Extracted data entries

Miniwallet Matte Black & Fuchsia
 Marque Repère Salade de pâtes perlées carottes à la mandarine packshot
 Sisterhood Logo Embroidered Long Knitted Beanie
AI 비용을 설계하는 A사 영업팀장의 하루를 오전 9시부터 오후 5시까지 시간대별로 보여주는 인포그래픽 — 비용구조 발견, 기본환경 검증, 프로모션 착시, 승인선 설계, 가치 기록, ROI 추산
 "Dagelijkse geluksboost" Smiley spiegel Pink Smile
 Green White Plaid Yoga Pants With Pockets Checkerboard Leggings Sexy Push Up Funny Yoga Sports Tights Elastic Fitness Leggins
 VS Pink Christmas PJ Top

**BRIEF**
Beginning with the line that has "spiegel Pink Smile", set down every line of the entries above through the final one, unchanged.

**OUTPUT BELOW**
 "Dagelijkse geluksboost" Smiley spiegel Pink Smile
 Green White Plaid Yoga Pants With Pockets Checkerboard Leggings Sexy Push Up Funny Yoga Sports Tights Elastic Fitness Leggins
 VS Pink Christmas PJ Top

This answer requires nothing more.